> _Scraped caption text data_
────────
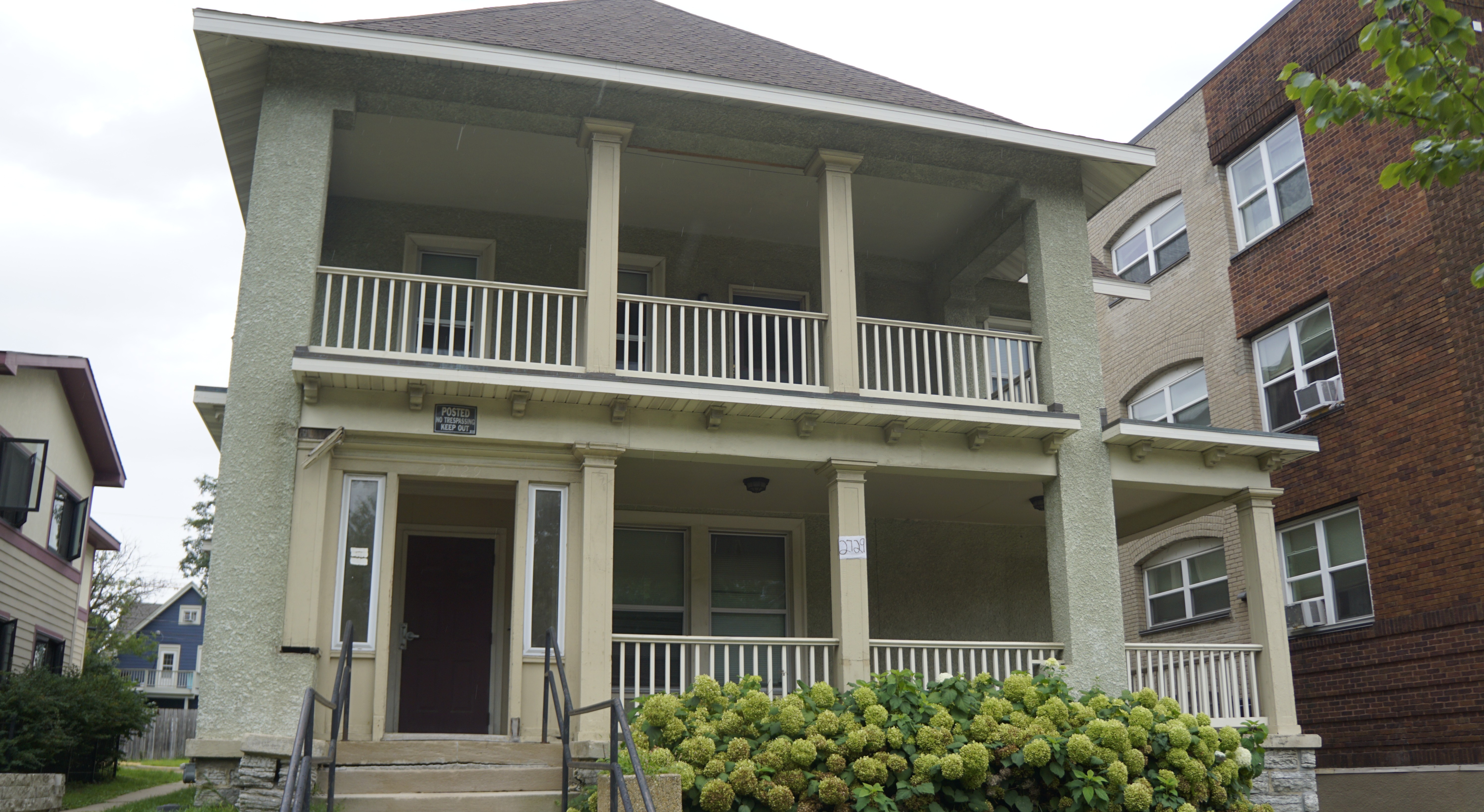 Two story home with light green exterior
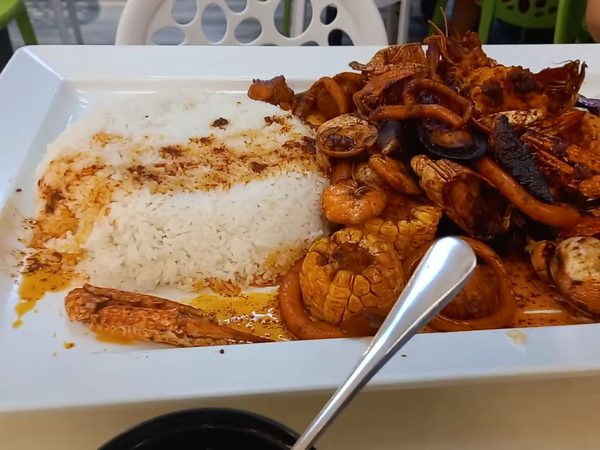 Seafood boodle platter on a long white tray with crab, prawns, squid rings, clams, corn and garlic rice in a spiced butter sauce.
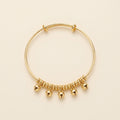 PULSERA RIGIDA CON PELOTITAS COLGANTES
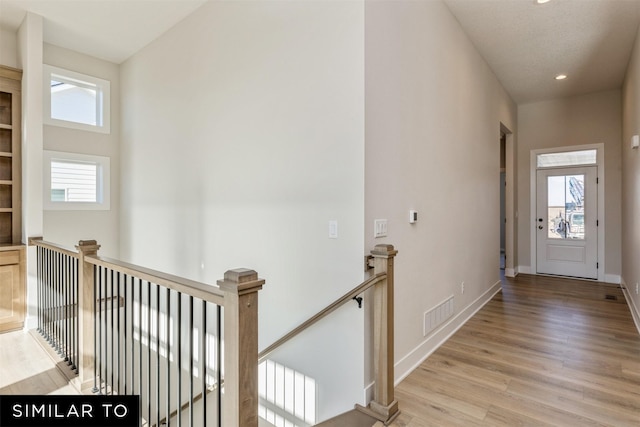 corridor featuring an upstairs landing, light wood-type flooring, and plenty of natural light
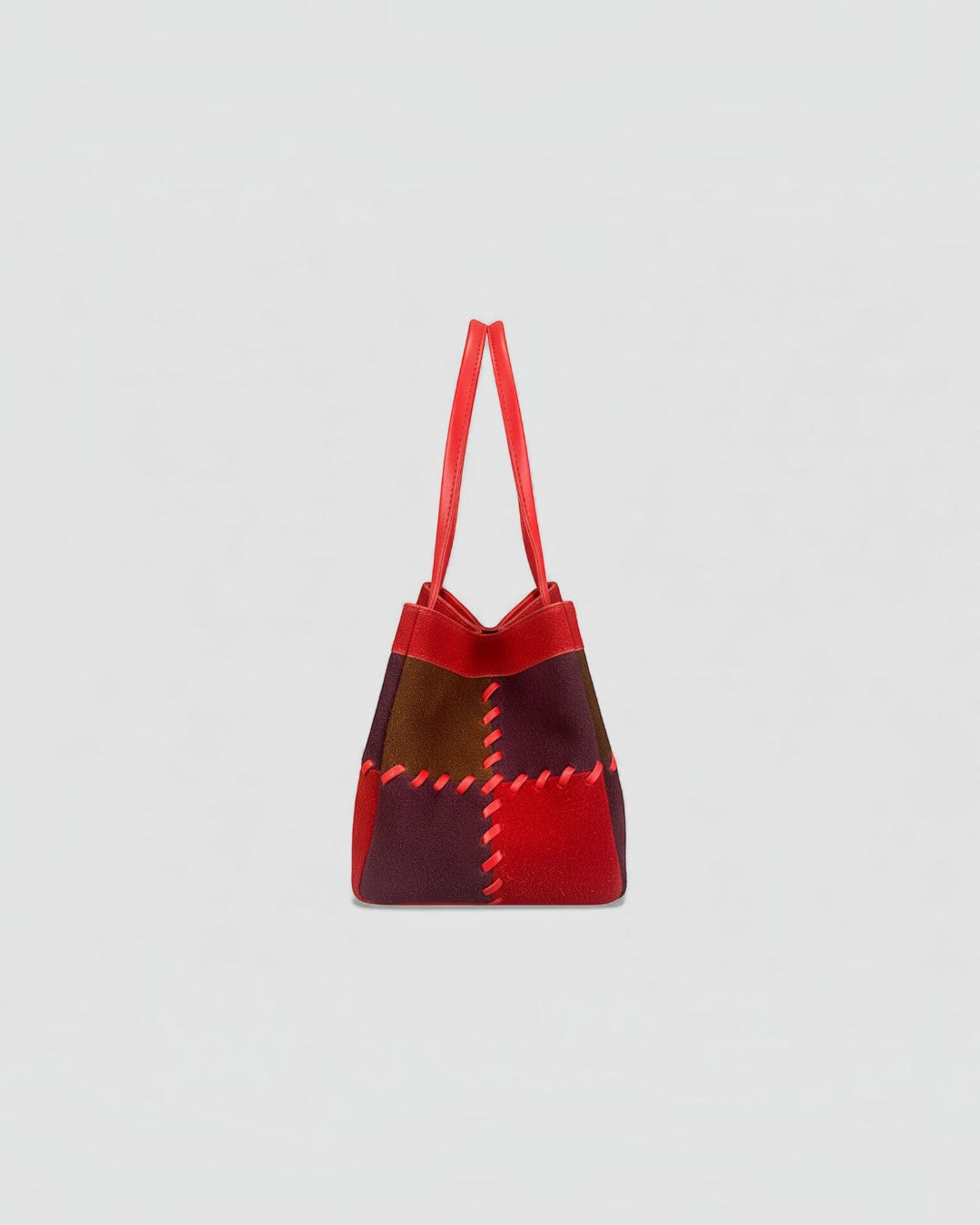 Pine Drew India Luna Mosaic handbag in multi-tone suede and leather with red contrast stitching and arc handles.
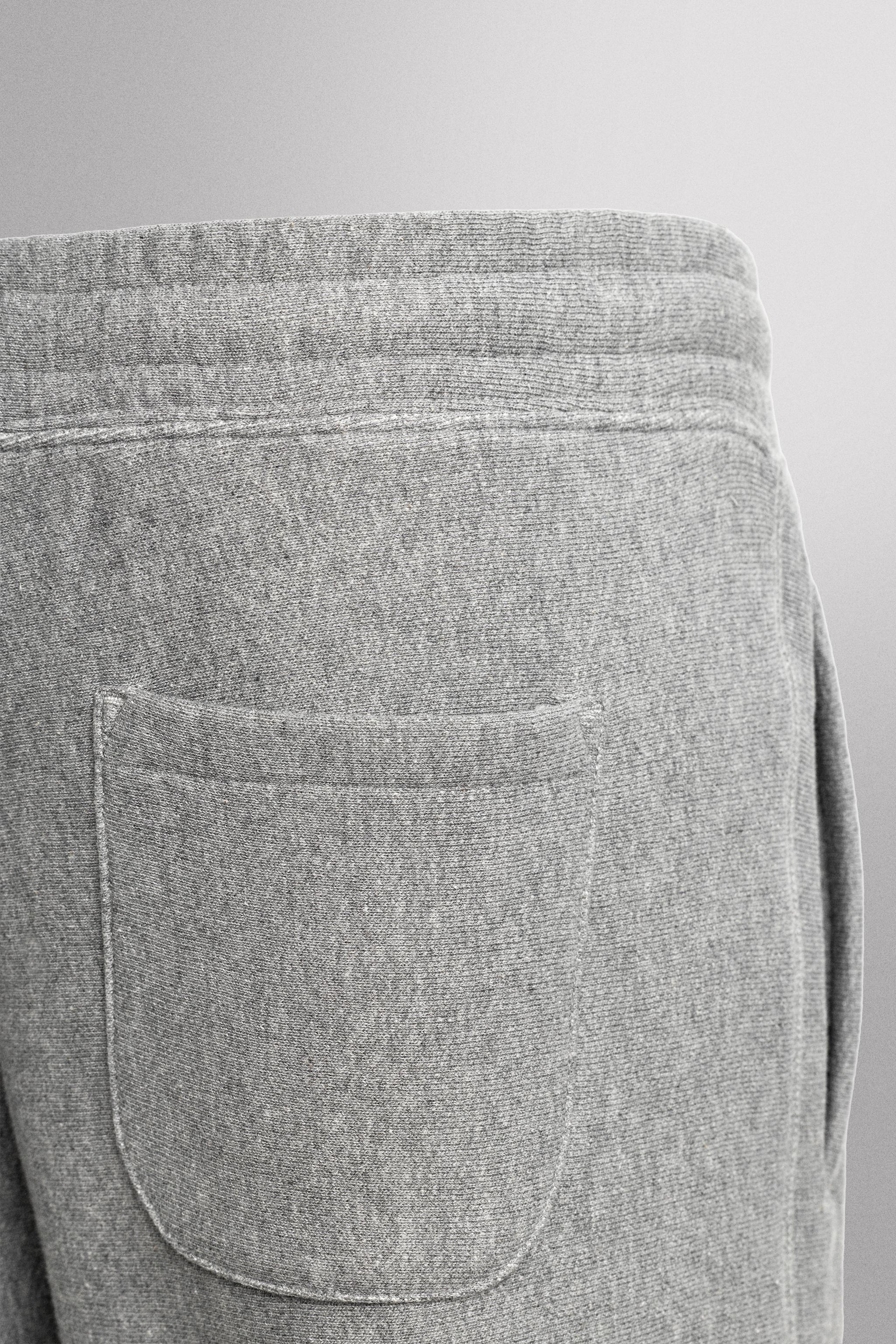 JOGGING PANTS WITH PRINTED TEXT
────────
> _Directions for this task_
What is needed is an exact retyping of the lines from the start of the data through the line with "PULSERA RIGIDA CON PELOTITAS COLGANTES", with both end lines kept and every picture left out.

> _Answer section_
 Two story home with light green exterior
 Seafood boodle platter on a long white tray with crab, prawns, squid rings, clams, corn and garlic rice in a spiced butter sauce.
 PULSERA RIGIDA CON PELOTITAS COLGANTES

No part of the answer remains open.